Figure 5 shows the number of informal settlements destroyed between 2011 and 2020 by the department. The Pacific and Andean regions have the highest number of dwellings destroyed, accounting for 90% of the total cases. In Colombia, in the last ten years, the Pacific region accounted for 52% of the informal settlement fires, and the department of Valle del Cauca alone accounted for nearly 18% of the cases. One of the reasons related to the high presence of informality and the large number of informal settlement fires in these regions is the phenomenon of forced internal displacement. As indicated by Soler Barón et al. [24], around 1.4 million victims were forced to migrate from rural areas to informal settlements located in cities, sometimes within the same region. Therefore, most of the population currently living in informal settlements are located in the Pacific region (Quibdó—91.56% and Buenaventura—41%) [23].
Figure 5 emphasises why poor people are disproportionately impacted by natural disasters [8]. For example, Fig. 5 shows that the Pacific Coast Region has high risk and destructive consequences due to fire incidents in the decade analysed. Historically, this region manifests outstanding and generalised poverty [48]. The lack of resources and limited access to safe housing conditions suggests that vulnerability even increases when safety conditions are not appropriate to address the risk. We emphasized that the connection between fire risk and poverty depends on building conditions and high vulnerability with low fire safety. This evidence shows that poverty in informal settlements of Colombia exacerbates the vulnerability of inhabitants who are more exposed to fire risks. Finally, it is worth mentioning that reconstruction processes could be limited due to a lack of resources and local capacities to attend to emergencies [49, 50].

3.3 Fire Causes

It was found that 88.5% of the causes of fires in informal settlements were reported as “undetermined” or “unknown” between 2011 and 2020. In some cases, words such as "apparently" were used to describe the causes of fires. This lack of detail can be related to the difficulty of carrying out adequate post-fire analysis suitable for determining possible causes of the fire, including forensic work and data collection from surveys. The other 11.5%, shown in Fig. 6, are mainly caused by electrical problems (42%), food preparation (26%) and storage of materials (12%). Similar causes of informal settlement fires are reported in other studies focused on other countries. In Costa Rica, for example, the main cause of informal settlement fires in 2019 was a short circuit, failure of electronic equipment and arson [47]. In South Africa, in 2018, 12% of the fires were related to electrical problems and 20% to open flames [26].
These high-risk ignition sources are the consequence of the previously mentioned common problems that communities of informal settlements undergo on a daily basis, including limited access to electrical connections, inadequate material for cooking (e.g., wood) and poor access to suitable waste management services. Once the fire started, the construction material and the proximity of the dwellings to each other considerably increased the impact of the fire and its ability to spread. For these reasons, and especially because of the unknown causes, there is an urgent need to develop better post-fire investigation protocols that can help to clarify possible fire causes, as well as to obtain additional information to help improve response, interventions, and methods of community involvement. Collecting reliable fire data (e.g., type of building, primary causal factor, incident time and date) has been helpful in reducing building fires and their associated deaths, injuries, and economic damage. Likewise, fire data have been important to guide the allocation of public resources to areas of greatest need and impact and to support safety interventions and education programs [51].

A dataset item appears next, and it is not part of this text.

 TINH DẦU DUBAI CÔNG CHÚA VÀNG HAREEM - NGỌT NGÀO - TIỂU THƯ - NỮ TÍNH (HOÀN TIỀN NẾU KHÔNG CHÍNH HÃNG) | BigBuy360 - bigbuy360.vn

3.4 Firefighting Challenges

The structural characteristics and location of informal settlements, combined with the limited access to essential services (e.g., power and water), represent a great challenge to first responders and emergency protocols. Some of those challenges are discussed in this section and illustrated in Fig. 7, which shows the aftermath of two informal settlements in Colombia. Obstructed clearance, inadequate swept path width and unsuitable slope road gradients are common challenges hindering access to emergency services. These difficulties force emergency services to carry out suppression protocols far away from the fire source, commonly from the periphery of the settlement in areas such as highways or from other places of difficult access, as shown in Fig. 7a (Moravia fire 2017, 108 dwellings destroyed, four people injured, and 471 families affected). In consequence, some suppression actions are generally not effective enough to limit the spread of the fire, which is often stopped by fire-resistant nearby constructions (e.g., brick or concrete) or another non-flammable boundary. In some cases, such as during the fire in Riosucio, shown in Fig. 7b (82 dwellings destroyed, two deaths and more than 450 people affected), no local firefighting brigade was available and timely access to the fireplace was unachievable. Additionally, some areas of the city were only accessible via wooden footpaths without the structural capacity to carry loads from vehicles, which made it even more difficult to control and suppress the fire.

4 Case study—Informal Settlement “Puerto Rico”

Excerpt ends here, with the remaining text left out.